Wosskow Brown's Corporate Commercial team are here to help you with a practical solution to your business as well as providing expert legal advice.
We have a fantastic team with years of experience helping build and protect businesses. Our dedicated team are here to advise you on any issue relating to your business, no matter how big or small.
We offer a personal approach to helping your business grow, at an affordable level.
A shareholder agreement is a must for maintaining a good relationship between shareholders and saves time and costs in the future by avoiding shareholder disputes. It includes provisions which determine how shares may be transferred by a shareholder should they choose to leave the company, or what happens to shares in the event of a shareholder’s death. It can contain restrictive covenants which will bind outgoing shareholders and protect the goodwill in the company.
The agreement can contain provisions to protect minority shareholders or on the other hand, provide the majority shareholder with all the decision-making powers within the company. A shareholder agreement can remain private as it is not a document which needs to be filed at Companies House.
A partnership is formed when two or more people enter into a business relationship together, with a view to make profits. Without a partnership agreement, the partnership is governed by the dated Partnership Act 1890. This Act permits a partner to retire with immediate effect without notice and this causes the partnership to automatically dissolve.
With a partnership agreement in place, there will be more certainty between the partners. A notice period can be inserted to ensure that the other partner is not left ‘in the lurch’ if one partner wants to retire and the agreement will include provisions about how one party may buy out the other’s share of the partnership and can also include a provision to pay off the outgoing partner in instalments. This will prevent disputes and unnecessary costs in the future.
Company Law Matters and Directors' Responsibility
We can help you with a whole range of company law matters - whether you need advice on interpretation of the Companies Act 2006 or want a set of articles of association drafting.
We can also help you with drafting documentation for company reorganisations and company share buy-backs.
Clients are quite often concerned about the responsibilities and liabilities associated with becoming a director, so we can provide you with guidance on the associated responsibilities and risks which may be involved.
Banking & Finance Documentation and the Giving of Guarantees
We can review, report on and draft finance documents on your behalf. These include loan agreements, charge agreements, debentures and legal mortgages.

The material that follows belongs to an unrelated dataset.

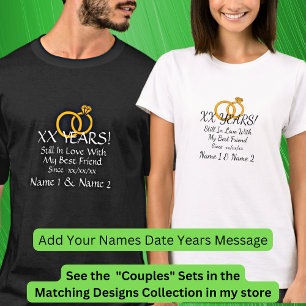 年の日付、名前、記念日結婚のカップルの追加 Tシャツ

We can give you independent advice (as often required by a bank) before you enter into a personal guarantee connected with business or personal borrowing.
Drafting or Review of of Commercial Contracts
We can draft any type of commercial contract for you, or review them on your behalf. These include agency agreements, distribution agreements, terms and conditions of sale of goods or services, franchise agreements, conditions of purchase, and any other type of bespoke contract that you may require us to draft.
We can review and revise your existing contracts and bring them up-to-date with current legislation. We are happy to review and report on any contract that you may be asked to enter into in order to identify risks.